----- GIVEN DATA

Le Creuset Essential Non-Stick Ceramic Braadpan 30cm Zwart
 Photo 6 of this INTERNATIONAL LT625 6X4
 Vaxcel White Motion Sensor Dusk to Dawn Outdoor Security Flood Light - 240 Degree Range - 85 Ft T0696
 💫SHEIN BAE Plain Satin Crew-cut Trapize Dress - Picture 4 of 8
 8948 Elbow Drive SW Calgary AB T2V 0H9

----------

• **WHAT THE EXERCISE ASKS**: Print every record above exactly as written.

• **TASK OUTPUT**:
Le Creuset Essential Non-Stick Ceramic Braadpan 30cm Zwart
 Photo 6 of this INTERNATIONAL LT625 6X4
 Vaxcel White Motion Sensor Dusk to Dawn Outdoor Security Flood Light - 240 Degree Range - 85 Ft T0696
 💫SHEIN BAE Plain Satin Crew-cut Trapize Dress - Picture 4 of 8
 8948 Elbow Drive SW Calgary AB T2V 0H9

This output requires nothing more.